The data: Begin

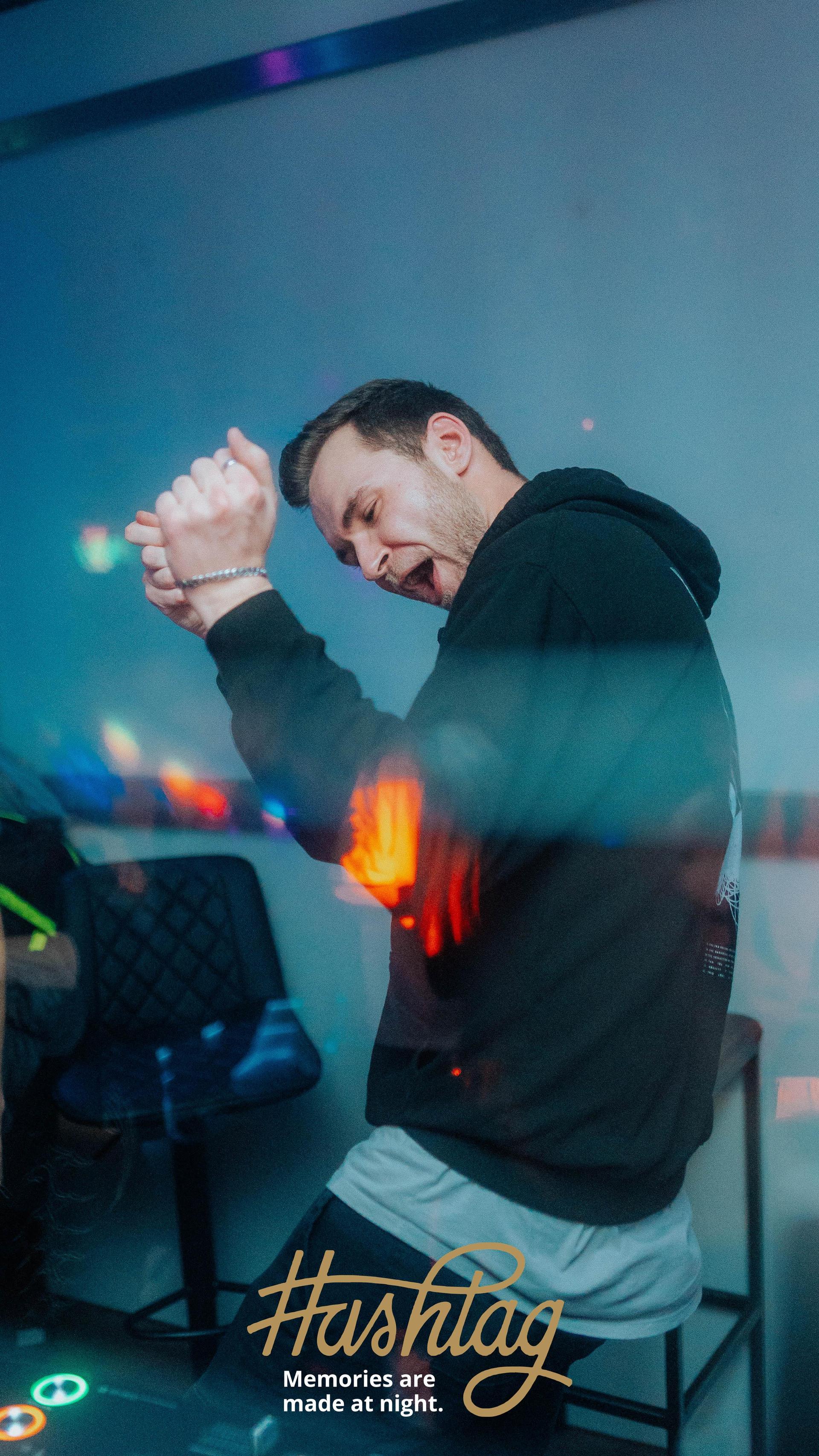 „Geld zurück” war das Motto bei der Party am Freitag im Hashtag Weiden.  (Bild: Sebastian Reiter)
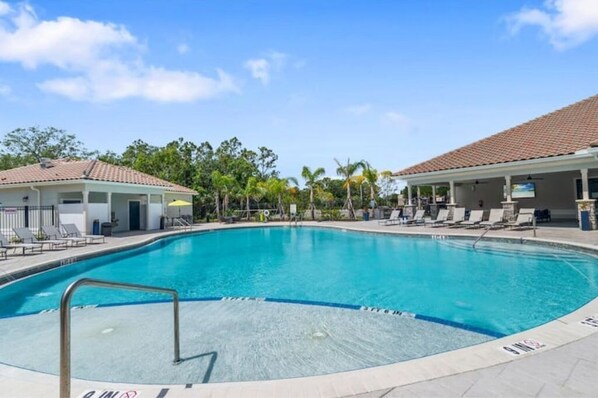 Una piscina al aire libre, una piscina climatizada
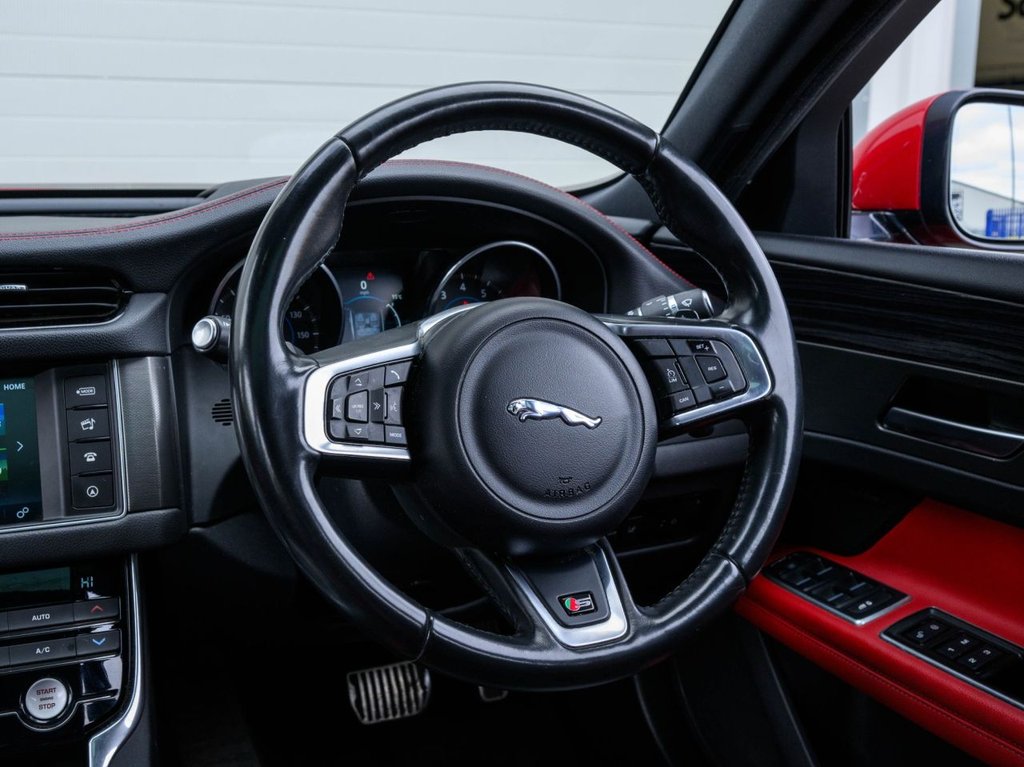 Used Jaguar XF 2016 for sale - 76106204: Photo 18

The data: End

• _Assigned task_: Please repeat the data above exactly as it appears, pictures excluded.

• _Response for this exercise_:
 „Geld zurück” war das Motto bei der Party am Freitag im Hashtag Weiden.  (Bild: Sebastian Reiter)
 Una piscina al aire libre, una piscina climatizada
 Used Jaguar XF 2016 for sale - 76106204: Photo 18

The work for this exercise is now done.